По ходу общего разговора выяснилось, что они с мужем пробыли в Ленинграде всю блокаду, почти три года. И на чей-то вопрос: «Каково им пришлось?» — Инбер стала отвечать своим ясным, хорошо поставленным (эстрадным?) голосом, четко выговаривая каждое слово.

— Конечно, нам было трудно, — говорила Инбер, — всем в Ленинграде было тогда невероятно трудно, но благодаря мужу — он был главным врачом огромного военного госпиталя, — мы не умерли с голоду. Ну, во-первых, муж распорядился, чтобы все пространство вокруг госпитальных зданий засадили овощами: картофелем, луком. И понемножку мы эти овощи ели. А потом у нас всегда, всегда — она несколько раз повторила это слово, — всегда был столярный клей. И очень редко выключали электричество. Поэтому наша электроплитка исправно работала, и мы могли нагреть этот клей и есть его теплым… Нет, мы не так уж голодали. У нас всегда был столярный клей.

* * *

Вы видели когда-нибудь толстые, отвратительно пахнущие черные плитки столярного клея? И знаете ли вы, что их делают из костей павших от неведомых болезней животных? Из костей дохлых животных, которые подбирают где попало, чаще всего на помойках.

* * *

P. S. Уже в конце 1940-х Вера Инбер опубликовала свой «Блокадный дневник». Я его когда-то прочла, но никакого впечатления он на меня не произвел. Теперь все отмечают, что в своих дневниках Инбер и другие блокадники скрыли все, что только могли; попросту говоря, их записи — сплошная ложь. Даже Ольга Берггольц — героиня тех лет — не решилась написать всю правду, открыть людям глаза.

Мерзавец из советского прошлого

Этот рассказ я первоначально хотела озаглавить «Дневник». И смысл его заключался бы в том, чтобы объяснить, почему мое поколение — поколение времен сталинщины и послесталинщины — не вело дневников.

Посему и начну с дневника…

Трагическую историю хозяина этого дневника я услышала, приехав осенью 1941 года к первому своему мужу Борису в Моршанск.

Борис и его товарищи по ИФЛИ после окончания института были призваны в армию на два года и, став политруками в Брянском военном училище, просвещали новобранцев — деревенских ребят.

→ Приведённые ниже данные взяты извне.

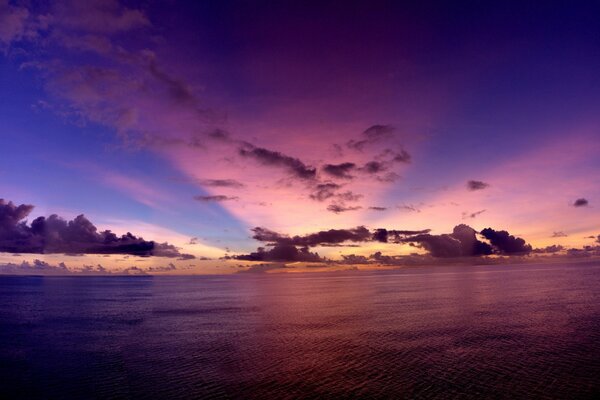 Oceano Pacifico tramonto acqua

Осенью 1941 года они должны были вернуться в Москву, но судьба их сложилась иначе. На нас напали гитлеровцы, началась война. Брянск оккупировали, и ифлийцев-политруков сперва перебросили в военную газету Орловского военного округа, а потом, когда сдали и Орел, в Моршанск, куда тоже со дня на день должны были войти войска фашистского вермахта. К счастью, газету вместе с ифлийцами успели перевести и вовсе в глубокий тыл, аж в Чкалов (Оренбург).